Artificial intelligence assisted identification of newborn auricular deformities via smartphone application
Liu-Jie Ren*, Rui-Jie Yang*, Li-Li Chen*, Shu-Yue Wang, Chen-Long Li, Yuan Huang, Tian-Yu Zhang☨, Yao-Yao Fu☨, Shuo Wang☨
eClinicalMedicine (IF=9.6)
Abstract
Background Auricular deformities are common in newborns and require early diagnosis and timely intervention. Several factors highlight the necessity of a machine learning-based diagnostic solution: the high prevalence of these conditions, the narrow time window for effective non-surgical treatment, limited medical resources, and the importance of both physical and mental well-being. This study presents a novel artificial intelligence (AI) model to identify and classify common sub-types of auricle deformities, using photos taken with mobile devices.

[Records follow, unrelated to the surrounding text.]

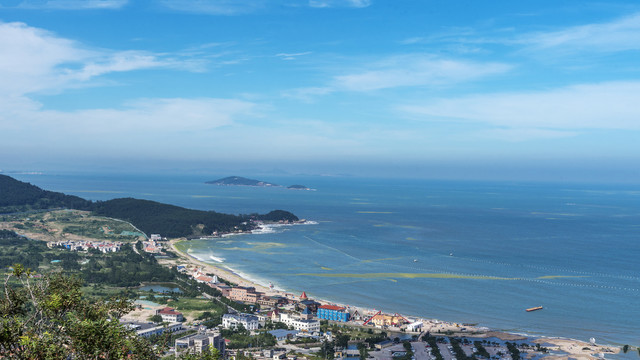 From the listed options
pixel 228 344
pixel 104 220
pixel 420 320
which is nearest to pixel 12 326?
pixel 228 344

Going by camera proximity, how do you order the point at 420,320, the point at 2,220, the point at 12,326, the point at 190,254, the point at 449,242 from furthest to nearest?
the point at 2,220 → the point at 449,242 → the point at 190,254 → the point at 420,320 → the point at 12,326

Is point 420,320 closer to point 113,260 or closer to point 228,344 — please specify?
point 228,344

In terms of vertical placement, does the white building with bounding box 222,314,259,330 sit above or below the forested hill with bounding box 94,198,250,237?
below

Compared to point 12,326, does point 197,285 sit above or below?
below

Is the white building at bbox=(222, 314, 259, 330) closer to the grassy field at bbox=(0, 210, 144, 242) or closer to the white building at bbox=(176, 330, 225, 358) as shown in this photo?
the white building at bbox=(176, 330, 225, 358)

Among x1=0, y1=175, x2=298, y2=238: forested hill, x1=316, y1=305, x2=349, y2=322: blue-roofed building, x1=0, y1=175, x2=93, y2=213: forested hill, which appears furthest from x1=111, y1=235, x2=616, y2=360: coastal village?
x1=0, y1=175, x2=93, y2=213: forested hill

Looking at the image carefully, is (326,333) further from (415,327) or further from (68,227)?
(68,227)

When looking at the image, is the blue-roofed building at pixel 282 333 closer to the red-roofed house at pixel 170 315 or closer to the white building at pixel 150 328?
the white building at pixel 150 328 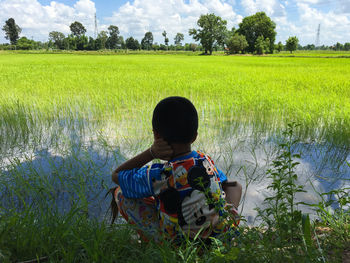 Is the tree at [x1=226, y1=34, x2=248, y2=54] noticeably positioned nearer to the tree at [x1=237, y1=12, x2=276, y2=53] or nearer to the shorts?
the tree at [x1=237, y1=12, x2=276, y2=53]

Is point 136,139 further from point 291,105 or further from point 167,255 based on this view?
point 291,105

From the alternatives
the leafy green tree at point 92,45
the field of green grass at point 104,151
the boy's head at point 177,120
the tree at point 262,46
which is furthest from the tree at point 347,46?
the boy's head at point 177,120

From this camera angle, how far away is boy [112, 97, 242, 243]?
49.7 inches

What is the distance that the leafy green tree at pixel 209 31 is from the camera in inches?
2339

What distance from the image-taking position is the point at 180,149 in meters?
1.33

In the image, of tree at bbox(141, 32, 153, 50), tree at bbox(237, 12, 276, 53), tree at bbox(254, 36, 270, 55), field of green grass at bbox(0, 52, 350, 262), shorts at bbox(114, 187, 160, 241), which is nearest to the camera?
field of green grass at bbox(0, 52, 350, 262)

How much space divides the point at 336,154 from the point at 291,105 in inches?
64.9

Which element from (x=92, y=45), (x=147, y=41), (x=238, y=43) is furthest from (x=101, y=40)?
(x=238, y=43)

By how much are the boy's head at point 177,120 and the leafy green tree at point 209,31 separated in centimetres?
6109

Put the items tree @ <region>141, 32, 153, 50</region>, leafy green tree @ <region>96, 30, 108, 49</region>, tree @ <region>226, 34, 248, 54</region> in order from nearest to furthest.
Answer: tree @ <region>226, 34, 248, 54</region>
leafy green tree @ <region>96, 30, 108, 49</region>
tree @ <region>141, 32, 153, 50</region>

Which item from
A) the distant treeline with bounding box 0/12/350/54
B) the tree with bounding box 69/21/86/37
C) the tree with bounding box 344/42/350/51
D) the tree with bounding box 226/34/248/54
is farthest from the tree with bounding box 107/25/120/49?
the tree with bounding box 344/42/350/51

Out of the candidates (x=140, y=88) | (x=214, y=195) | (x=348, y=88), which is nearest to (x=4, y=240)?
(x=214, y=195)

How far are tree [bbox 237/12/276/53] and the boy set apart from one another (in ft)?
185

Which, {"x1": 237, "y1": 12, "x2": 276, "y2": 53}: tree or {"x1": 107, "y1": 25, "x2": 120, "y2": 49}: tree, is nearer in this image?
{"x1": 237, "y1": 12, "x2": 276, "y2": 53}: tree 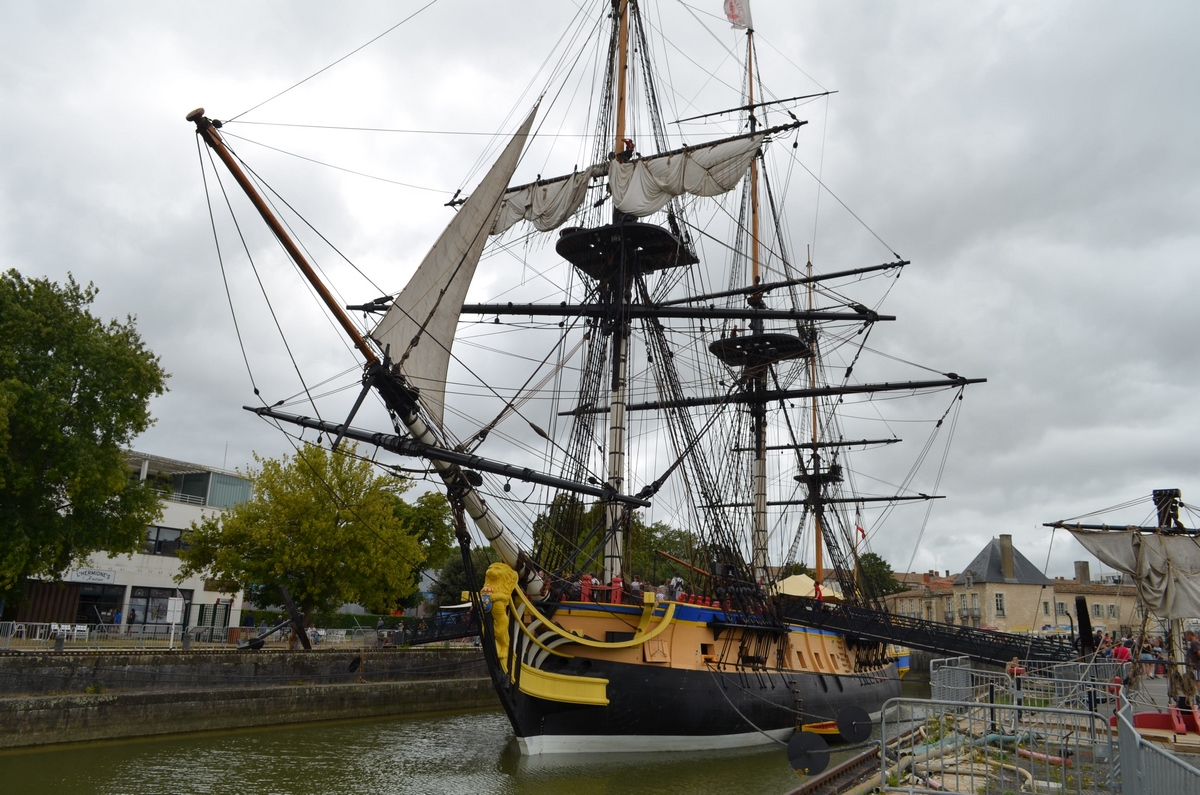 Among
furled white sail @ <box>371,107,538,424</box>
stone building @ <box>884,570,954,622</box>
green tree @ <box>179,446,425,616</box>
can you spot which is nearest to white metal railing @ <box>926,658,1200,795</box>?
furled white sail @ <box>371,107,538,424</box>

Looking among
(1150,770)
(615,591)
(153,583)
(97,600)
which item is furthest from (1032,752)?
(153,583)

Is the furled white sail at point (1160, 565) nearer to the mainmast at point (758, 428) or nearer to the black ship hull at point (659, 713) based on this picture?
the black ship hull at point (659, 713)

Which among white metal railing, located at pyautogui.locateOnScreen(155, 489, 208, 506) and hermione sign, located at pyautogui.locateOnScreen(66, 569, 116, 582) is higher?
white metal railing, located at pyautogui.locateOnScreen(155, 489, 208, 506)

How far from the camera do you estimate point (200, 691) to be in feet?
58.7

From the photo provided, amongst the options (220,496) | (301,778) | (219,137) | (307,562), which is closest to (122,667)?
(301,778)

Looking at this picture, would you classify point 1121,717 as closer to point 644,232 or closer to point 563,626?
point 563,626

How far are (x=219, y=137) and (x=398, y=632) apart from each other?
58.0 ft

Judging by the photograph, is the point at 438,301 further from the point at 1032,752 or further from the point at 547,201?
the point at 1032,752

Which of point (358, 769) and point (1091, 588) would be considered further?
point (1091, 588)

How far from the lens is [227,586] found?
2698cm

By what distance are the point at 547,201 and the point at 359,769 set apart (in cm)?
1453

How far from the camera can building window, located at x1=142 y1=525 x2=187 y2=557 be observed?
3350cm

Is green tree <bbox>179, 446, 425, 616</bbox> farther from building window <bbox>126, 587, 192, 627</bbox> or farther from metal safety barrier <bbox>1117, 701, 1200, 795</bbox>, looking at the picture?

Methods The dataset was made up of the open-source dataset named BabyEar4k, which contains 3852 auricle images with diagnosis data, and another private dataset containing 104 microtia ears added from ENT Hospital of Fudan University. All the training photos were pre-processed to 800 × 800 RGB images, with the auricles located at the centers. The dataset was divided into two parts, 3835 samples for training/validation and 120 (20 for each class) for testing, i.e., the internal test dataset. 15% of the training data were used for validation during the training process. External validation was conducted on data from three centres across China (Xinjiang N = 252, Guizhou N = 186, and Fujian N = 252). The performance of the model was evaluated by comparative analyses with human volunteers. A prospective test set was collected in Shanghai (Obstetrics & Gynecology Hospital of Fudan University, from 2023/10/17 to 2023/12/29; N = 272). Given the significant variation in the distribution of sub-types, accuracy and weighted F1-score were chosen as primary evaluation metrics.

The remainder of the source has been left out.